Wednesday, February 08, 2006

I hate it here so much. I've just spent the past three hours in my room, the only room, crying, so now my heads sore and Im all puffy and red.

Pauls mum has been a complete and utter COW. A cunting fucking cow over the past three days, ignoring us when we are in the kitchen, telling us to fuck off out her room, telling us its her perogative to be grumpy when we ask her why, and the best one yet, today stating that "We essentially have seperate households and therefor nothing above minimum contact is called for".

So after me feeling so uncomforatble that I dont want to go to the kitchen to make anything to eat, and have spent most of the past 5 and a half hours in my room, reading a book and eating ben and Jerrys (and I wonder why Im obese) and sending Paul away to play Battlefield because lets face it, not a lot of fun watching your fiance sob so hard shes soaked through the duvet. Is it any wonder that Im pissed off that after her acting like a complete CUNT the past three days and stating that minimum contact is all thats called for, Paul stoats into her room and strikes up a conversation?

Therefor condoning what shes been doing the past three days and essentially saying "Be as much of a cow as you like, its all right with me Marri's in the next room feeling like shit and wondering just how much more she can take before she gets the flat back"

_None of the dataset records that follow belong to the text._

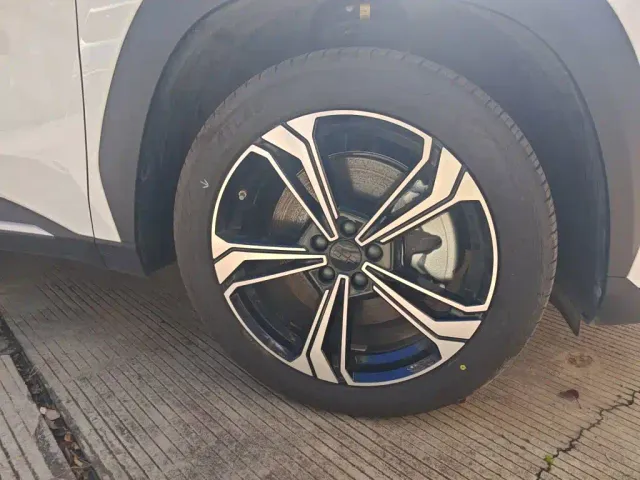 Geely Galaxy L7 — Фото автомобиля 8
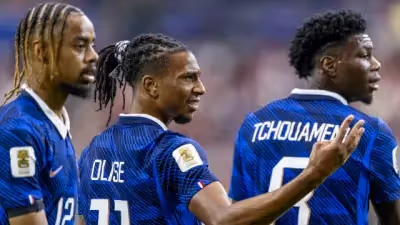 Olise apontado como maior desilusão da França no Mundial 2026 após derrota com Espanha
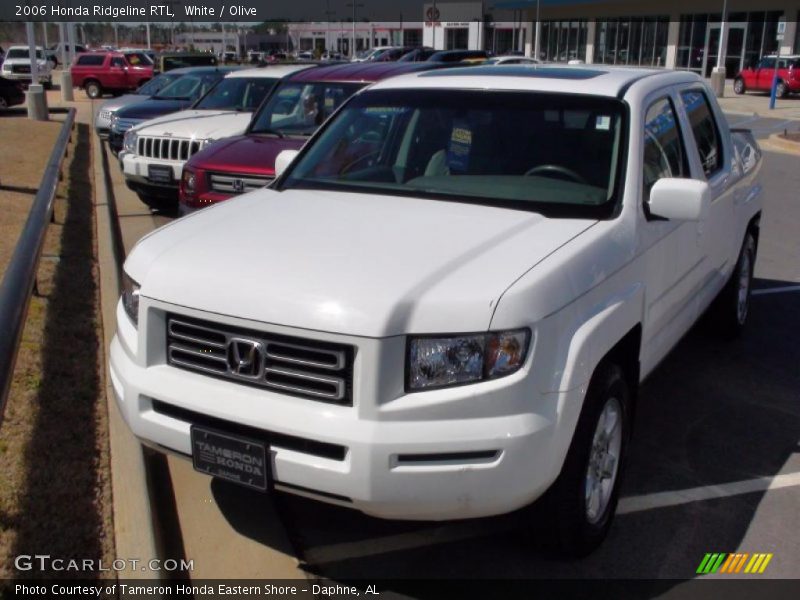 White / Olive 2006 Honda Ridgeline RTL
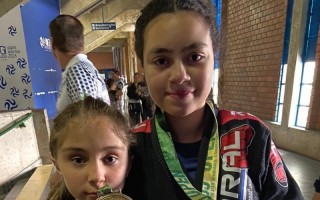 Lutador sobe ao pódio com filha e sobrinha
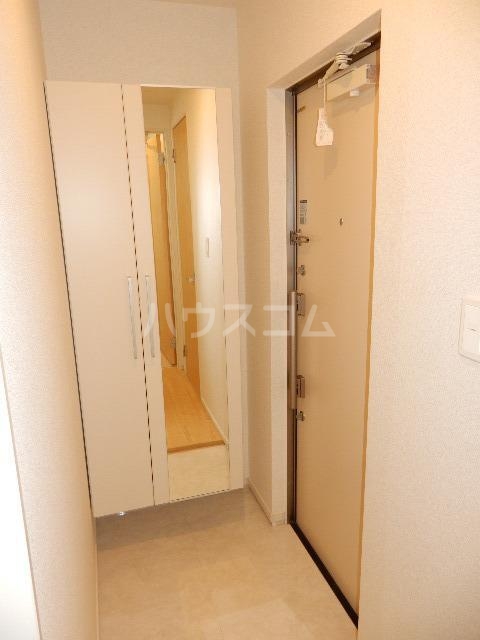 15/21 エントランス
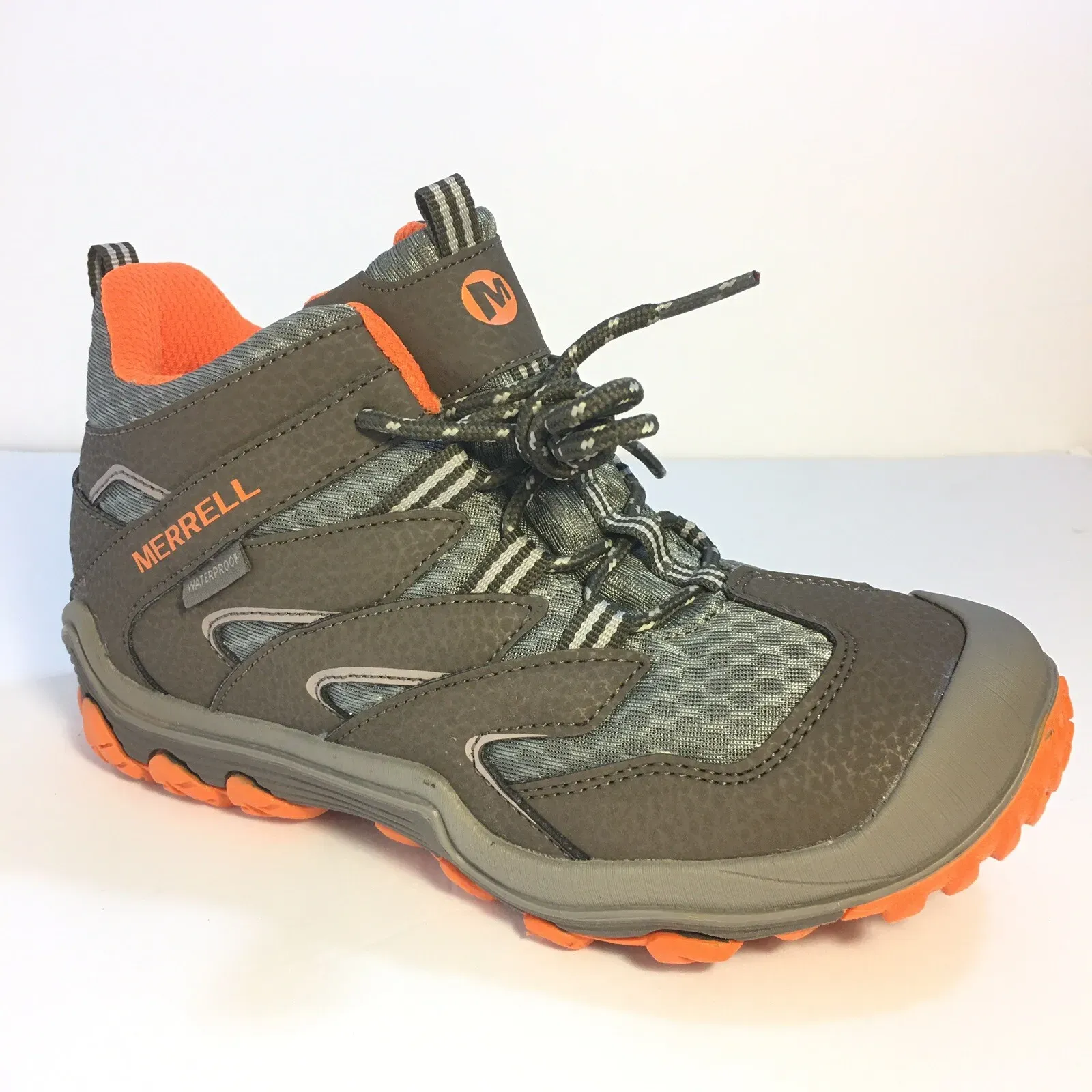 Merrell Hiking Camping Boots Shoes Size 13.5 Boy Trail Waterproof Chameleon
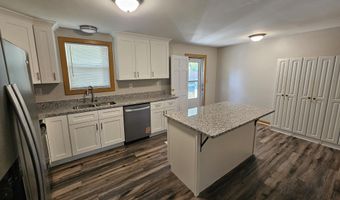 1561 Bradley Rd, Camden, SC 29020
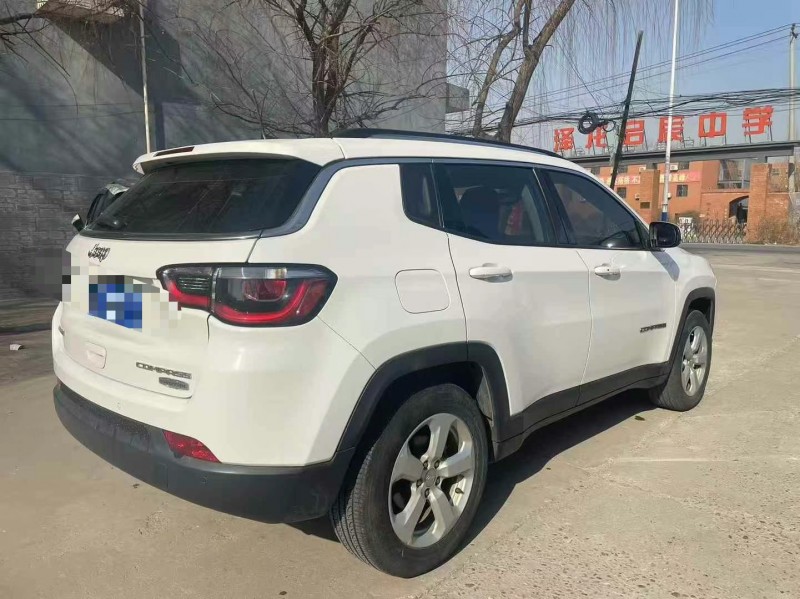保定17年Jeep指南者4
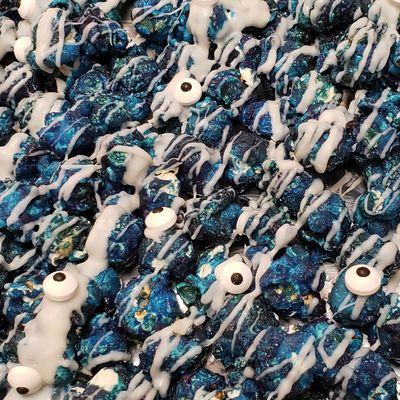 Lushees Gourmet Popcorn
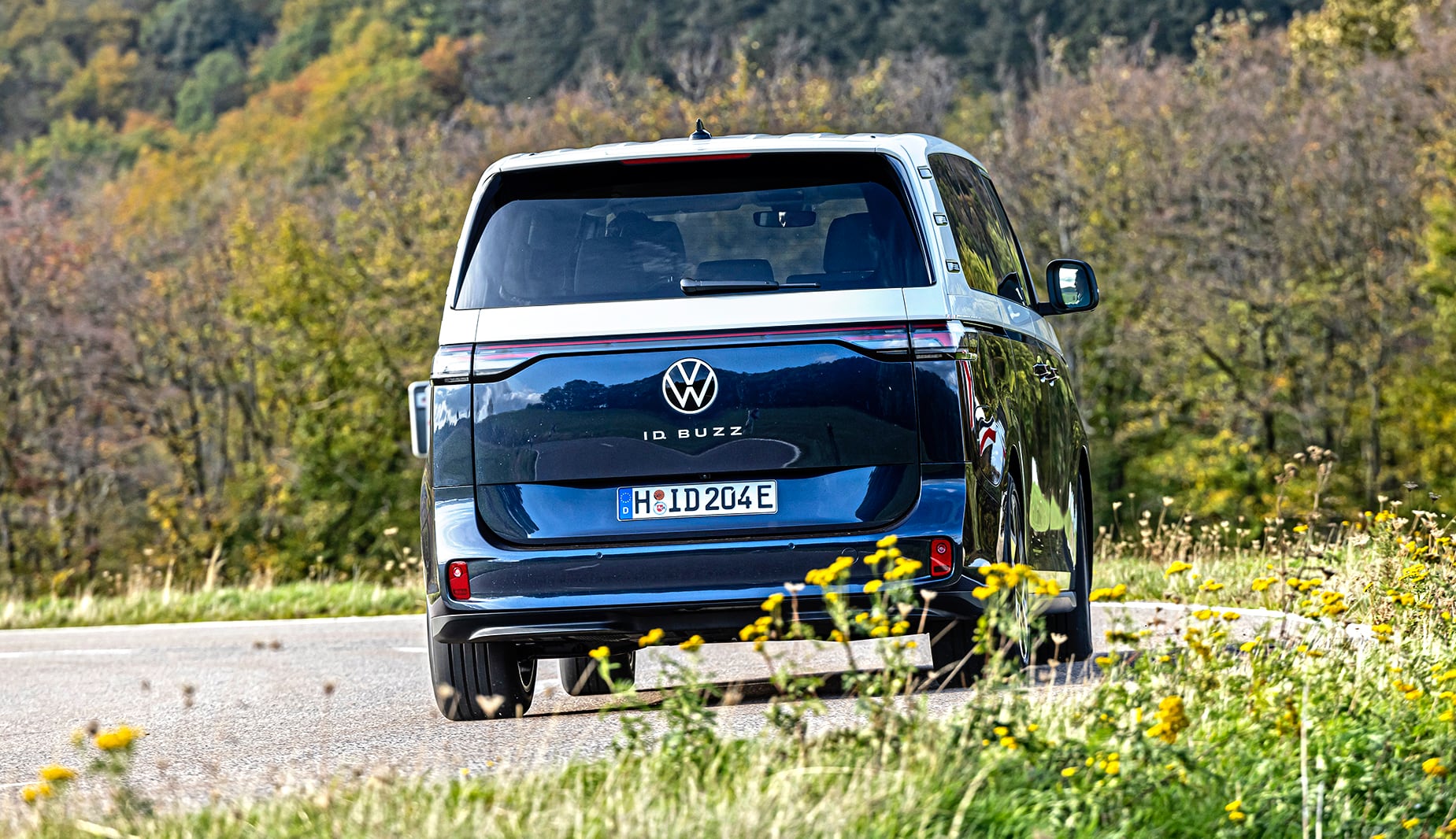 Volkswagen ID. Buzz Pro – tył w ruchu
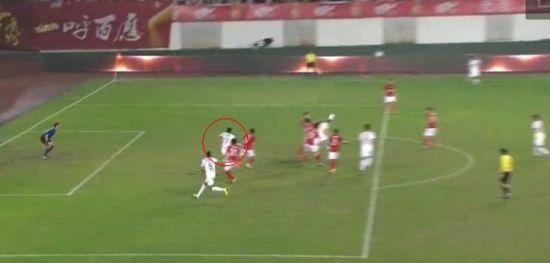 贝切莱摆渡瞬间瓦尔特（圈内）处于越位位置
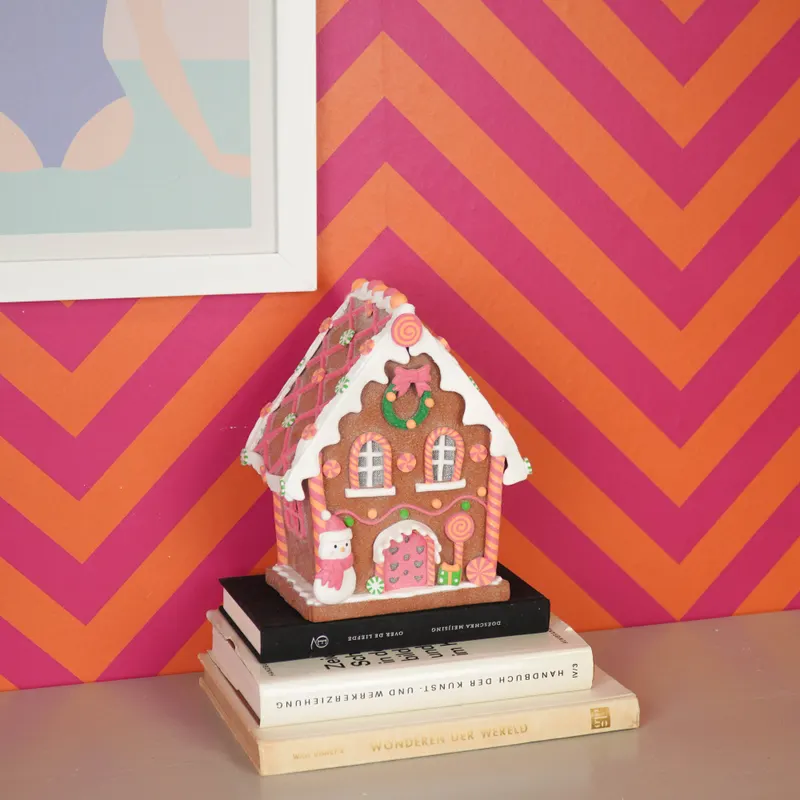LED-Weihnachtshäuser aus Polyresin in Candy-Optik von Housevitamin in Braun/Rosa, 8,5 × 13 × 23,5 cm, Ansicht 2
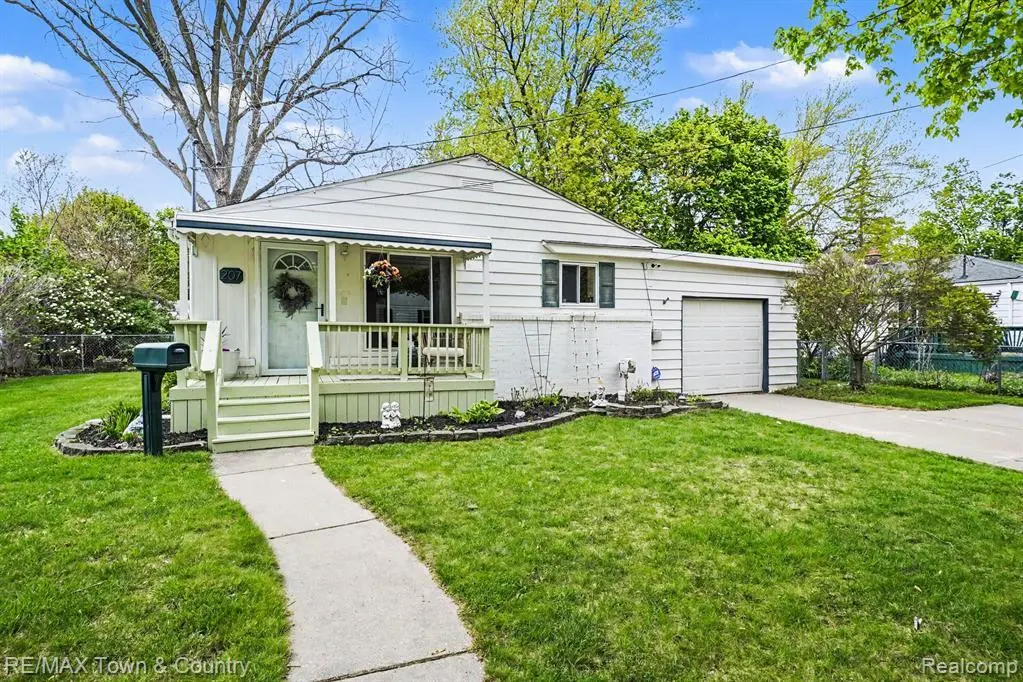 207 Labian Dr
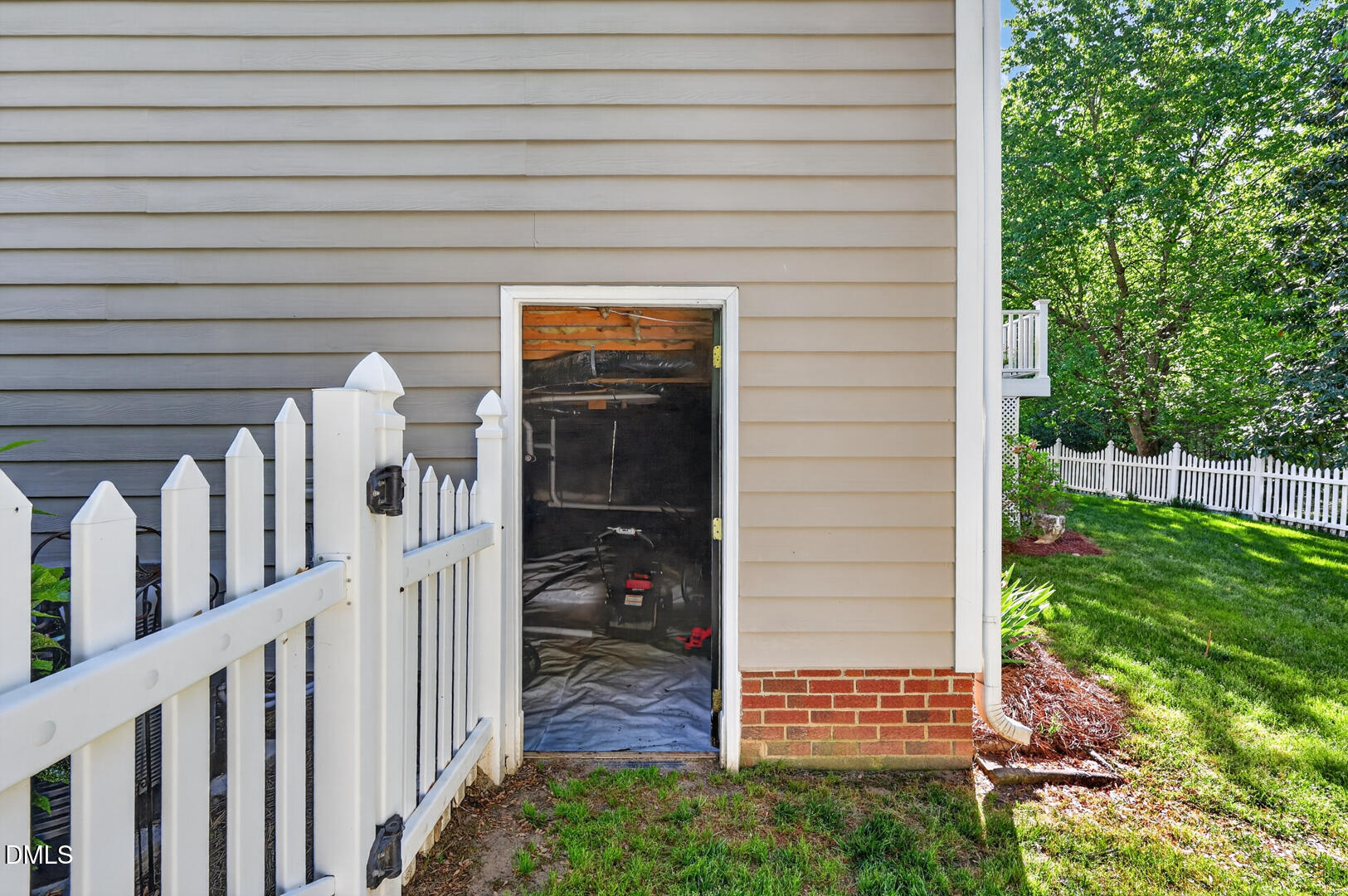 1704 Farmington Grove Drive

Its got to the stage now that if he's just going to condone the way she's acting and letting her away with it, I'm not sure if I can live with that. Im not sure I want a relationship where his mother will automatically be forgiven of what she's doing and Im just supposed to take it.

I might have to eat shit, but Idont have to like how it tastes. Game over. I'm out.

She forgets she ASKED us to live here for the year, we didnt ask her.

Oh yeah and the docs pulled my sntidepressants, as they were giving me serious side effects, so yeah although I want depressed I was going blind. So two weeks of cold turkey for me before they can give me anything else. Great. In this atmosphere. If it wasnt so fucking tragic and I couldnt stop crying, I would laugh.